The New Reality of Publishing in the AI Era
As artificial intelligence establishes itself as a primary tool for generating content, it is driving sweeping change across the publishing industry. The use of AI in everyday publishing work has surged. Few admit it openly, but the fact that AI is being used is an open secret—and publishing, too, now finds itself in a landscape where the boundaries of copyright grow blurrier by the day.
What It Means to Be an Author Is Changing
Traditionally, an author was someone who shaped their own thoughts and experiences into writing and delivered them to readers.
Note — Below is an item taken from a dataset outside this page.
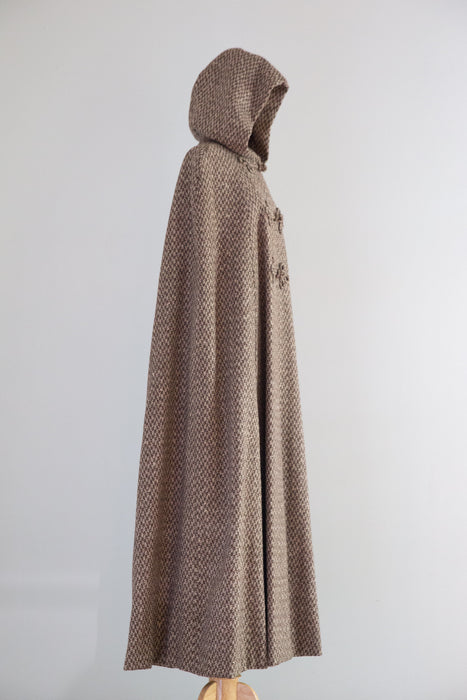 Dramatic 1970’s Wool Herringbone Full Length Hooded Cape / OSFM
It was an era when only those with real writing talent could become authors—a time when the perception ran strong that only people with a way with words qualified as authors.
But as publishing spread and more people began putting out books, the scope of who counts as an author gradually widened. At a publisher like ours—which deals mainly in practical guides, business and economics titles, and self-help—authors who are not professional writers make up more than 85% of the total. This may well be a natural outcome. People who have achieved something remarkable in their own field are often far removed from the craft of writing.
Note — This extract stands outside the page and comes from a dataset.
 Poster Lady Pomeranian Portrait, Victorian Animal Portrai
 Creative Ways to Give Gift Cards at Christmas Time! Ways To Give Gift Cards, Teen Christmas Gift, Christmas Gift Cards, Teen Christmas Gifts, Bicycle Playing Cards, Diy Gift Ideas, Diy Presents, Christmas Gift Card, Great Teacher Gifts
Drawing the content out of these authors has always been a difficult task. On our YouTube channel 〈Baewoboso〉 (roughly, "Come Learn"), we've shared methods proven in the actual publishing process—techniques for gathering ideas, sorting them into categories with sticky notes, and turning speech into text using STT (speech-to-text). The aim was to somehow draw the tacit knowledge inside an author's head out into explicit form.
How AI Changed Writing
Now we've entered an age where AI writes the text itself. But based on a decade of reviewing several thousand manuscripts, I can tell you that a proposal or manuscript produced by AI carries a distinctive smell. Any reader who reads widely can spot the difference. Just as we sense an odd dissonance in AI-generated images or video, the same resistance comes through in the writing. And yet, watching the growing number of journalists who now write their articles with AI—even across the online press—I find myself genuinely worried that, much like the saying "bad money drives out good," human writing may end up displaced by AI writing.
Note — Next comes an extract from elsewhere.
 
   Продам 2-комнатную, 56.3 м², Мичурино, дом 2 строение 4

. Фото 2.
AI clearly has its strengths, too. For experts who have struggled to organize their thoughts into writing, AI is a genuinely powerful tool. For those for whom merely generating text was a towering wall, it is a tremendous help—so I could never tell anyone not to use it. If anything, what we need now is clear guidance on how to use it well.
The Right Way to Use AI
Here is the approach I'd suggest. When writing with AI, you should first organize your own thoughts and experiences, then use AI purely as an amplifier. The 'three principles of writing with AI' I propose are these. First, clearly define your own area of expertise. Second, use AI only in the process of rendering it into text. Third, never pass off as your own something you don't actually know but had AI produce. As this process accumulates, the tacit knowledge that lived only in your head is converted into explicit knowledge.
Clarify your area of expertise → voice your thoughts via STT → organize the document with AI
What an Author Is in This New Era
In the AI era, an author is not someone who writes well. An author is someone who lends credibility to the book published under their name and vouches for its contents. The purpose of publishing has shifted, too. Systematizing one's expertise has become more important than royalty income. A book is now a tool—an authoritative medium through which one organizes and makes known one's own expertise.
At Libretto, we see the heart of authorship in the AI era as responsibility—the resolve to take ownership and send something out into the world with integrity. The person who holds that resolve will remain an author in the years to come. To become a true author, one must carry this sense of responsibility.